9.) The migrant crisis
Looking to make a political point, Republican Texas Governor Greg Abbott decided to send thousands of migrants arriving daily on the border with Mexico on long bus rides to Democratic-led “sanctuary cities” such as New York. The buses began arriving daily at the Port Authority Bus Terminal, and New York City welcomed the migrants here with open arms after being rejected by Abbott. The city scrambled to find resources to care for them, and in September, the Adams administration opened various shelters as well as a tent city on Randall’s Island to help accommodate the crush of humanity. And while the Biden administration slowed the introduction of migrants into the U.S. through the enforcement of a Trump-era rule, Mayor Adams said on Dec. 18 that he expected a surge of new arrivals to begin soon after that rule was thrown out in a court decision.
10.) Stunning success, stunning failure
For years, the Giants and Jets had been stuck in the wilderness of losing, and at the start of the 2022 campaign, the sports pundits expected more of the same. However, both of New York City’s (by way of New Jersey) football teams quickly proved those pundits wrong. The Giants rattled off 6 wins in their first 7 games; not to be outdone, the Jets started out the season 7-4 as well. Both teams find themselves in the thick of the NFL playoff hunt as of this writing. And their surprising success softened the blow of October failure for fans of New York’s baseball squads. The Mets had a glorious 101-win campaign spoiled by the San Diego Padres in the Wild Card Round, while the Yankees — led by their new home run champion, Aaron Judge, who hit an AL record 62 home runs in 2022 — were once again denied an American League pennant by the Houston Astros.
11.) The red wave that wasn’t
Ahead of the midterm elections, the Republican Party was expected to do what any party out of the White House usually does: win big. Nationally, that didn’t happen. While the Republicans gained a slim majority in the House, Democrats expanded their Senate majority by one. New York, however, saw something of a “red wave.” Democratic Governor Kathy Hochul was re-elected to office over her Republican challenger, outgoing Congress Member Lee Zeldin, by a slim margin, but the GOP picked up five Congressional seats in New York state — including flipping all four Long Island seats red.

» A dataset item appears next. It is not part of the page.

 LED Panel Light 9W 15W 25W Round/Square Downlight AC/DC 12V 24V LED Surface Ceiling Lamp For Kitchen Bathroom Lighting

12.) The curious case of George Santos
One of the Republicans successful in the 2022 midterms was George Santos, who won the right to succeed outgoing Democrat Tom Suozzi in the 3rd District covering northeast Queens and northern Nassau County. But a bombshell New York Times report published on Dec. 18 threw the result of that contest into serious question. Santos allegedly lied about numerous aspects of his life, according to the Times report — from his claims to have worked for Citigroup and Goldman Sachs, to attending NYU or Baruch College, to even founding his own animal care charity. The Congress member-elect admitted the day after Christmas, Dec. 26, to lying about his record, but insisted that he did nothing wrong, and intends on being seated in Congress this January.